Potrebbe essere stato trovato un equilibrio?
In tutto questo però, c’è anche un elemento che potrebbe parzialmente ridimensionare la “maledizione del governo” degli ultimi anni. Il sistema politico italiano ha vissuto una fase di profondo riassestamento, dovuta principalmente alle inquietudini dell’elettorato. Dal 2011 in poi, da quando cioè la crisi economica internazionale ha iniziato a mordere la quotidianità degli italiani, sono emerse nuove forze. Un po’ per protesta, un po’ per tentativi di archiviare le passate stagioni partitiche.

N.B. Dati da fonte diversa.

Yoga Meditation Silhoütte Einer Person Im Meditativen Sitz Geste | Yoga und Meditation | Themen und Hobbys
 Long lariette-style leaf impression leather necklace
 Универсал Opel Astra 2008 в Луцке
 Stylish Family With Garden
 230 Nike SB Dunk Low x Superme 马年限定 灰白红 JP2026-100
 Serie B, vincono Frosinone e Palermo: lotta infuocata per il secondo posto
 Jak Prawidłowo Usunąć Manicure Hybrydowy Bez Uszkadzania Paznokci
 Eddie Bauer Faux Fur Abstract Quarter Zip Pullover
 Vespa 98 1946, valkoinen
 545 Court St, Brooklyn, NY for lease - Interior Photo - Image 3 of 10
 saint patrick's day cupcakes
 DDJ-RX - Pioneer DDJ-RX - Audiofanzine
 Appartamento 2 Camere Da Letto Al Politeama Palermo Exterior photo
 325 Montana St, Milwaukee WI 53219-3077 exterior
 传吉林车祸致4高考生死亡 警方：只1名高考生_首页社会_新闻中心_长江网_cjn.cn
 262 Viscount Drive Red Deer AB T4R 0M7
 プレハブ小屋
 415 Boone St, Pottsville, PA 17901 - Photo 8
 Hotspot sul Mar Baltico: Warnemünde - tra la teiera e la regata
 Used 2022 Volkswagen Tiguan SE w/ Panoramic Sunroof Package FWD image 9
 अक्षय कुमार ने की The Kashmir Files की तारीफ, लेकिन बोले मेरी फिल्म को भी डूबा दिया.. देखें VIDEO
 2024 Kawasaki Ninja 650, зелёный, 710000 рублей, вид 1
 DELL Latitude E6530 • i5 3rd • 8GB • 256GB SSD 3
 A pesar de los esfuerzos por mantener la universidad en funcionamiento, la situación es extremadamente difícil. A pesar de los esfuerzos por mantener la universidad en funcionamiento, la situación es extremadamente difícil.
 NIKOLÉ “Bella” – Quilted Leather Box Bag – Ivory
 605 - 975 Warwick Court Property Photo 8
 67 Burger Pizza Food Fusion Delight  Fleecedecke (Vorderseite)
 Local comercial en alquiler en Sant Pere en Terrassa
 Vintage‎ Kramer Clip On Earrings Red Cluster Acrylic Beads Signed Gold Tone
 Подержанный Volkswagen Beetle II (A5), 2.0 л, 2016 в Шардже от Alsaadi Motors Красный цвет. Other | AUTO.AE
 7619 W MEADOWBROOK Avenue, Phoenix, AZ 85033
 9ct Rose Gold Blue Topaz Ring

La nascita del Movimento Cinque Stelle, lo sgretolamento delle coalizioni, il ridimensionamento elettorale di grandi partiti, sono tutti elementi figli di un decennio piuttosto turbolento culminato poi con la pandemia.
Se è vero da un lato che in questo contesto è stato premiato spesso chi si trovava all’opposizione, è anche vero al tempo stesso che con il voto di domenica l’elettorato ha scelto delle vie più, per così dire, “istituzionali” e “parlamentari”. Si è data fiducia all’unica forza politica rimasta all’opposizione in parlamento, senza sondare o vagliare vie cosiddette “anti sistema”. In una fase così delicata e avara di certezze, forse l’elettorato ha preferito evitare nuovi stravolgimenti e nuovi “esperimenti” politici. Unito al fatto che la forza anti sistema per eccellenza degli ultimi anni, ossia il Movimento Cinque Stelle, è diventata da tempo parte integrante del sistema, in pochi hanno voglia di provare nuove strade. E chi magari vorrebbe provarle, ha preferito restare a casa.
Delle due, l’una. O il prossimo governo sarà vittima della legge non scritta dell’ingovernabilità, oppure potrebbe sfruttare un possibile nuovo equilibrio politico dopo un decennio di riassestamento.